----- Extracted information -----
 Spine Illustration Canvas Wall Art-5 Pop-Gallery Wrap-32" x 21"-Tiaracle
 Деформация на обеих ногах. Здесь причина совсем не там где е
-----
----- Extracted information -----
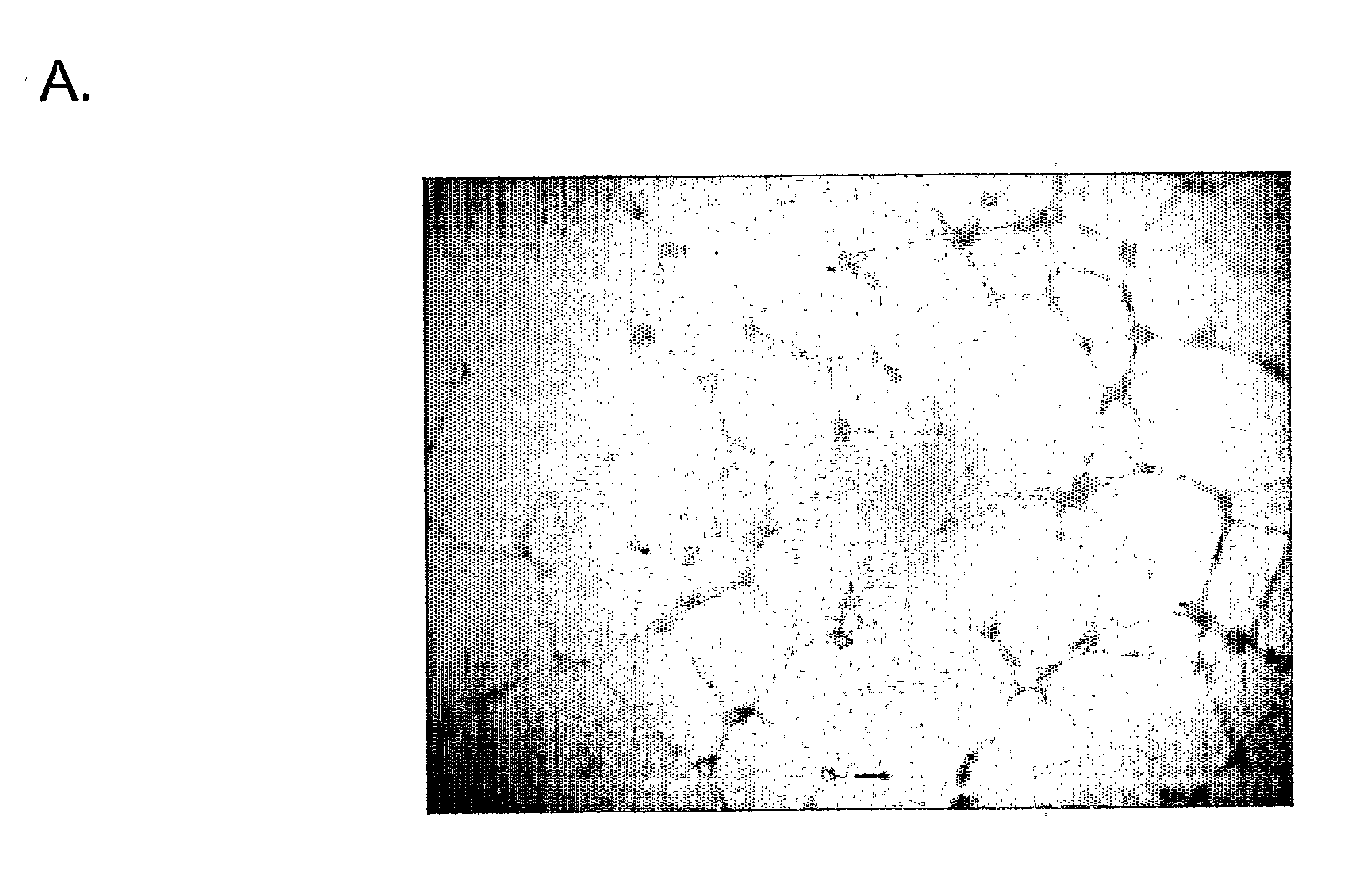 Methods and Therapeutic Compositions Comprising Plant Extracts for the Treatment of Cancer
-----
----- Extracted information -----
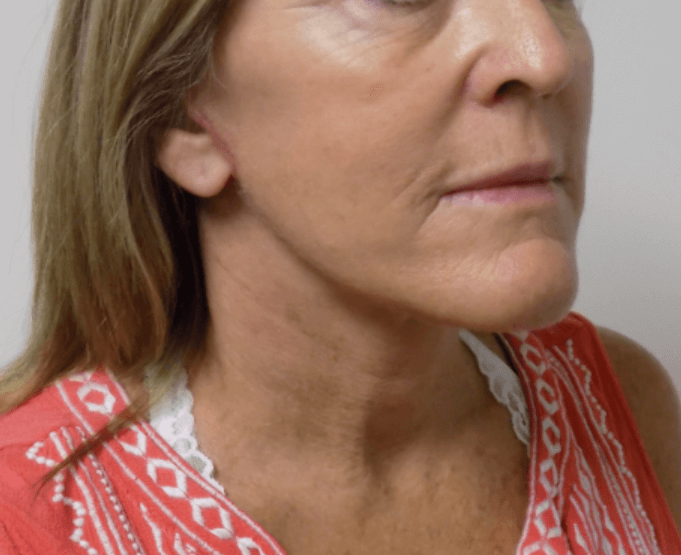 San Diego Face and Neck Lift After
-----
=== Problem requirements ===
Using the records above, copy word for word the line with "Spine Illustration Canvas", the line with "Деформация на обеих", and every line between them.

=== Solution to this problem ===
 Spine Illustration Canvas Wall Art-5 Pop-Gallery Wrap-32" x 21"-Tiaracle
 Деформация на обеих ногах. Здесь причина совсем не там где е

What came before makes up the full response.